I could deconstruct the decision, but fortunately the court's lone woman member, Justice Ruth Bader Ginsburg (pictured above) has done it in detail in her thorough and blistering dissent. (Scroll down to page 49 of this pdf of the decision.)
Here are a few of Justice Ginsburg's observations:
Today’s decision is alarming. It refuses to take Casey and Stenberg seriously. It tolerates, indeed applauds, federal intervention to ban nationwide a procedure found necessary and proper in certain cases by the American College of Obstetricians and Gynecologists (ACOG). It blurs the line, firmly drawn in Casey, between previability and postviability abortions. And, for the first time since Roe, the Court blesses a prohibition with no exception safeguarding a woman’s health.
Similarly, Congress found that "[t]here is no credible medical evidence that partial-birth abortions are safe or are safer than other abortion procedures." ... But the congressional record includes letters from numerous individual physicians stating that pregnant women’s health would be jeopardized under the Act, as well as statements from nine professional associations, including ACOG, the American Public Health Association, and the California Medical Association, attesting that intact D&E carries meaningful safety advantages over other methods.
In this insistence, the Court brushes under the rug the District Courts' well-supported findings that the physicians who testified that intact D&E is never necessary to preserve the health of a woman had slim authority for their opinions. They had no training for, or personal experience with, the intact D&E procedure, and many performed abortions only on rare occasions.
Ultimately, the Court admits that "moral concerns" are at work, concerns that could yield prohibitions on any abortion. ... Notably, the concerns expressed are untethered to any ground genuinely serving the Government’s interest in preserving life. By allowing such concerns to carry the day and case, overriding fundamental rights, the Court dishonors our precedent.
Revealing in this regard, the Court invokes an antiabortion shibboleth for which it concededly has no reliable evidence: Women who have abortions come to regret their choices, and consequently suffer from "[s]evere depression and loss of esteem."
This way of thinking reflects ancient notions about women’s place in the family and under the Constitution -- ideas that have long since been discredited.
Though today’s majority may regard women’s feelings on the matter as "self-evident," ... this Court has repeatedly confirmed that "[t]he destiny of the woman must be shaped . . . on her own conception of her spiritual imperatives and her place in society."
Instead of drawing the line at viability, the Court refers to Congress' purpose to differentiate "abortion and infanticide" based not on whether a fetus can survive outside the womb, but on where a fetus is anatomically located when a particular medical procedure is performed.
In sum, the notion that the Partial-Birth Abortion Ban Act furthers any legitimate governmental interest is, quite simply, irrational.
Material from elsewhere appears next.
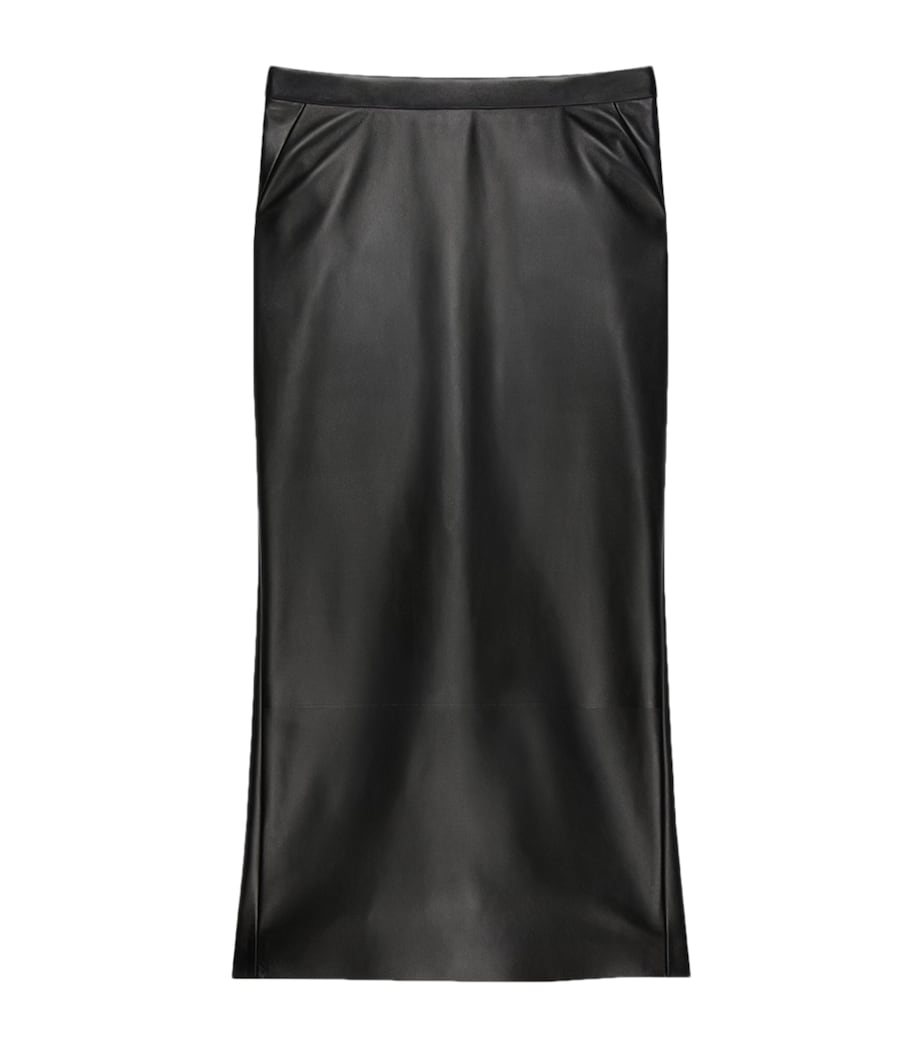 Givenchy Black Leather Low-Waist Midi Skirt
The Court's defense of the statute provides no saving explanation. In candor, the Act, and the Court’s defense of it, cannot be understood as anything other than an effort to chip away at a right declared again and again by this Court -- and with increasing comprehension of its centrality to women’s lives.
Balkinization also has some fine posts on the subject, including this one from one of the lawyers who argued against the law at the Supreme Court.
Fortunately, the religious right has had less success with its attacks on the First Amendment: The Handmaid's Tale is still in print. It's probably time to read it again.